As Peiser warns, we are ruled by Science Followers, whose emotional enthusiasm for the climate panic talks past the costs of the sale of this agenda. It is a product which most people now recognize promises the permanent collapse of living standards in the West, and is taking democracy down with cries for climate “justice.”

Suicidal policy vs. ‘populism’

Peiser says Net Zero is already “suicidal” – and not in name only. Changing the branding will not wash with voters, Peiser says, as the impact of cost and on freedom is “direct.” 

This, he says, is what is driving the beginning of the end of Net Zero. 

“Europeans have been told that this Net Zero issue and renewables and so on will make life easier for people.” Instead, he says, “the opposite has happened.”

They’ve been told that energy costs would go down. They’ve gone up.

He observes a factor which could apply to practically any of the policies he also claims are driving “populism.” 

So people are beginning to realize that what they’ve been told hasn’t actually materialized. 

The opposite has materialized.

Peiser himself notes that this “opposite effect” is driving the rise of “populist parties … skeptical of mass immigration, of Net Zero and of other mainstream policies.” 

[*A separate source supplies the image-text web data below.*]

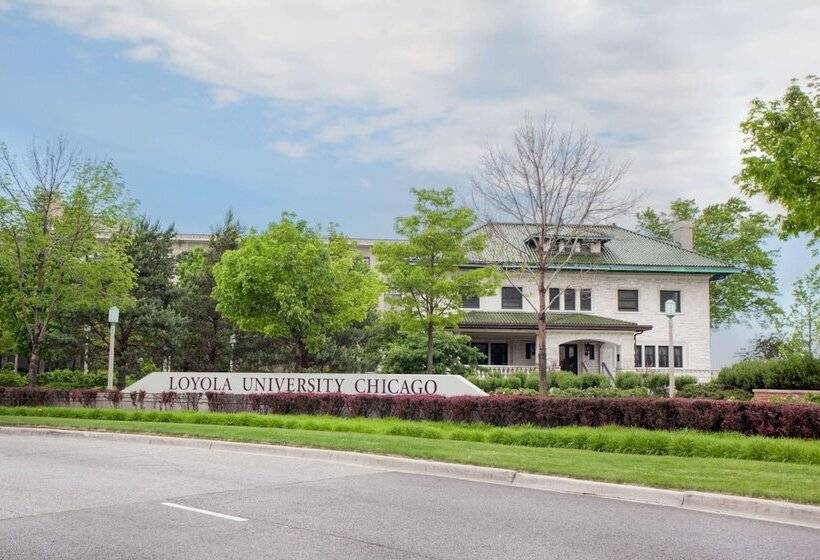 호텔 Super 8 By Wyndham Chicago Il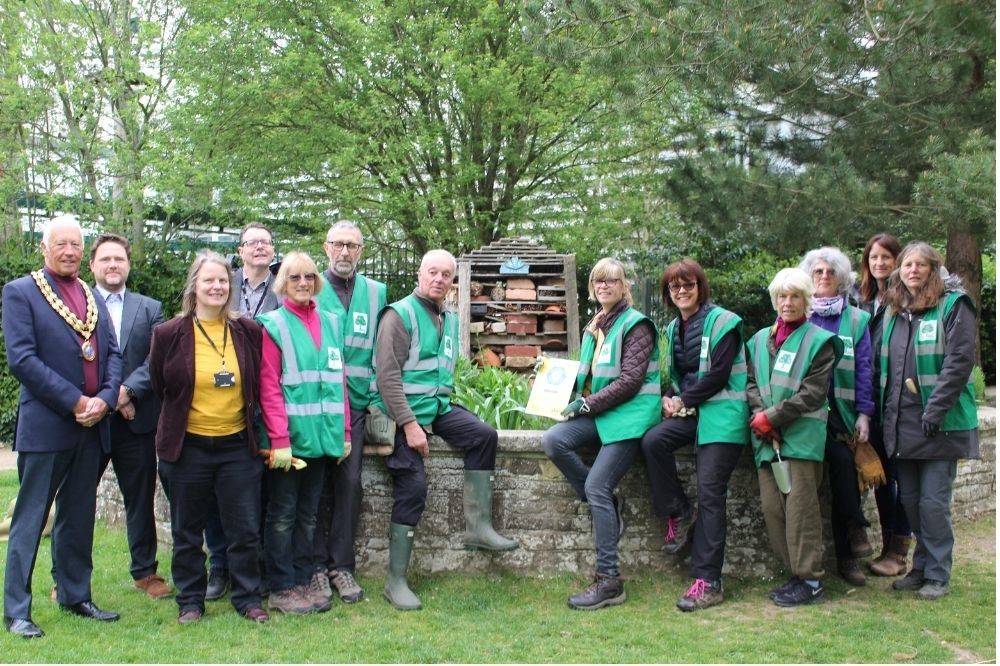 Horsham Park wins a national Bees Needs Award 2021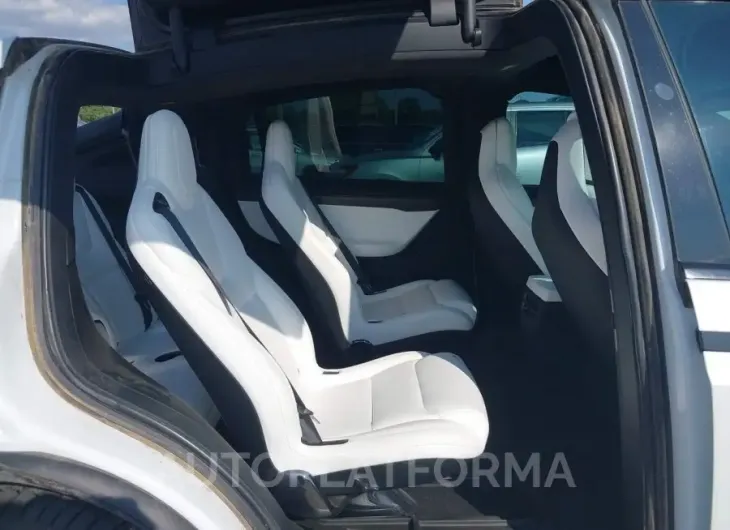 TESLA MODEL X 2019 vin 5YJXCBE44KF211655 from auto auction Iaai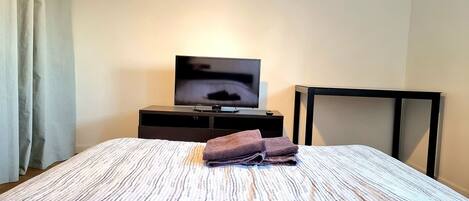 3 slaapkamers, een bureau, een strijkplank/strijkijzer, gratis wifi
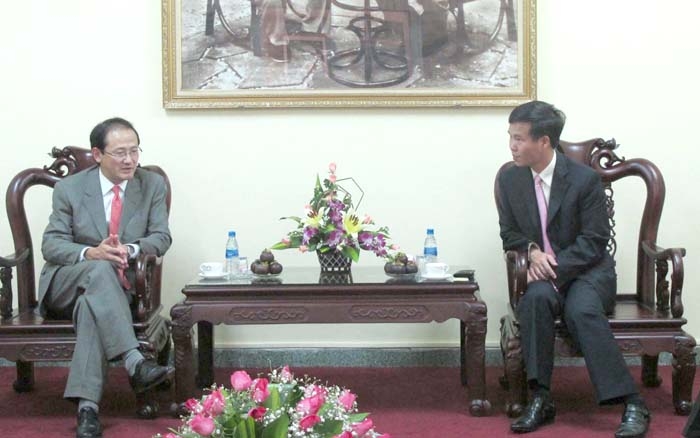 Bí thư Tỉnh ủy Quảng Ngãi Võ  Văn Thưởng (bên phải) tiếp Công sứ Nhật Bản Suzuki Hideo.     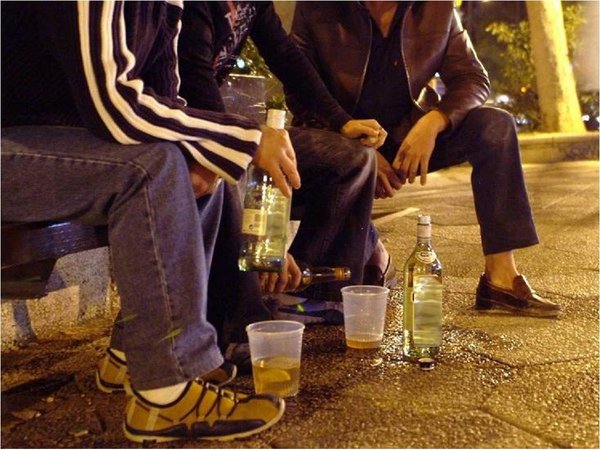 Intensifican controles por consumo y venta de alcohol en las calles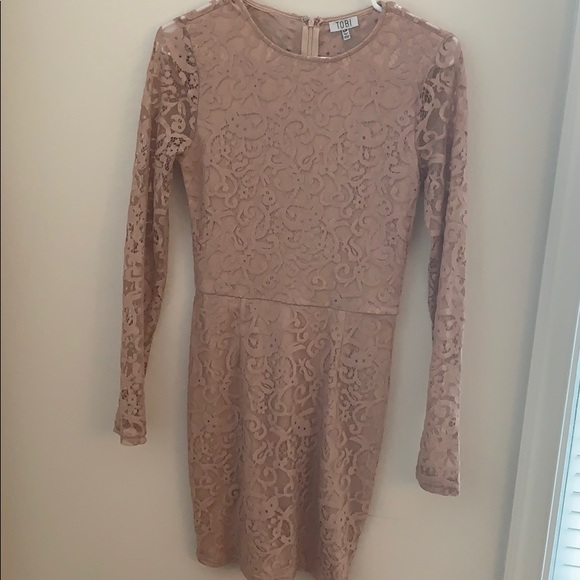 Blush Pink Long Sleeved Bodycon Dress - Picture 2 of 6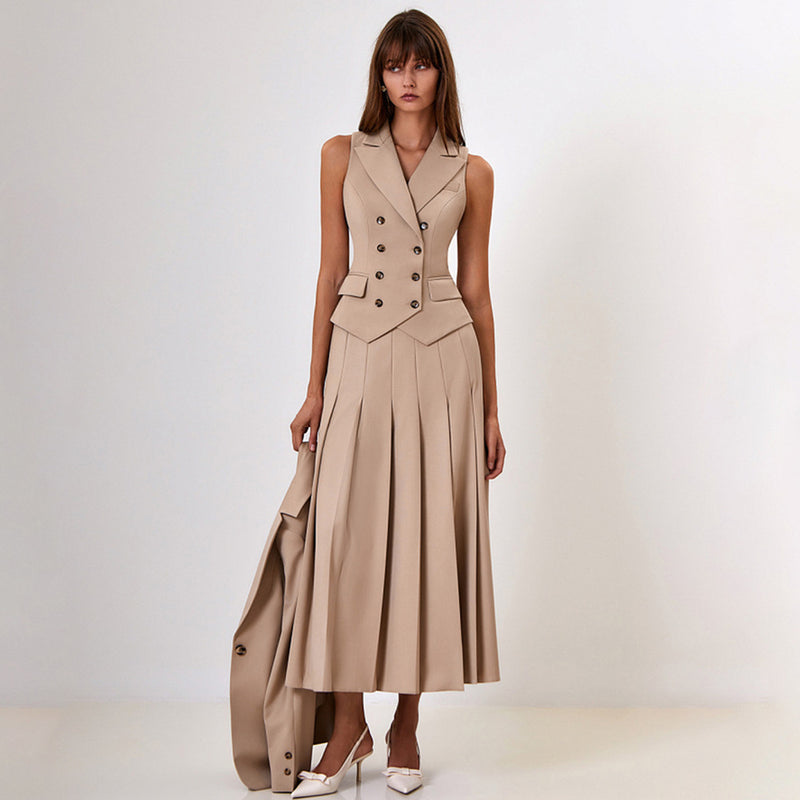 Sophisticated Dress with a Clean Classic Look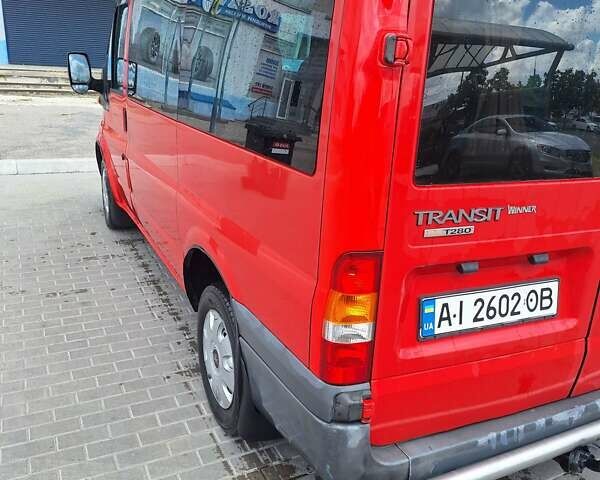 Красный Форд Транзит, объемом двигателя 2 л и пробегом 300 тыс. км за 6700 $, фото 4 на Automoto.ua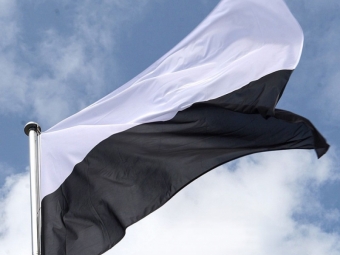 У Іваничівській громаді піднято біло-чорний стяг у підтримку родин зниклих безвісти на війні 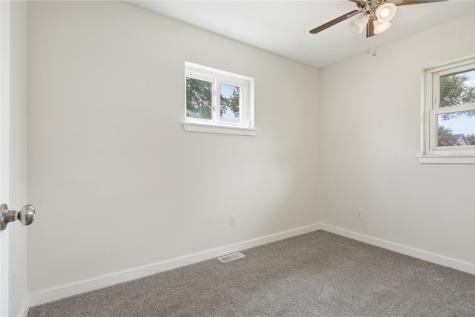 4432 Sherman Street NE Cedar Rapids IA 52402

He says, “I don’t know exactly why they’re called populist but something makes them popular.”

Yet his own presentation shows a simple explanation. What is called “populism” is simply a reaction to the insanity of the policies of national suicide presented as wisdom. The emergence of these parties is the opposite reaction to a political system whose every argument is a contradiction of reality. 

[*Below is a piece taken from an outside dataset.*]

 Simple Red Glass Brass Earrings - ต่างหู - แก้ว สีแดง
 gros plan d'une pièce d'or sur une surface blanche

Peiser says that this political correction is coming, and soon.

The mainstream parties are concerned that they will hemorrhaging voters. 

That’s what the prospects are for the elections in June.

His assessment is shared by the European Council on Foreign Relations, which predicted a “sharp right turn” in the forthcoming E.U. Parliament elections. 

He says that for Europe “there might be – for the first time – a center right populist majority in Parliament. If that were to happen of course all bets are off.” 

What is more, Peiser concludes that political climate change is coming home – to yours:

That’s the situation in Europe which sooner or later will come to a theater close to you.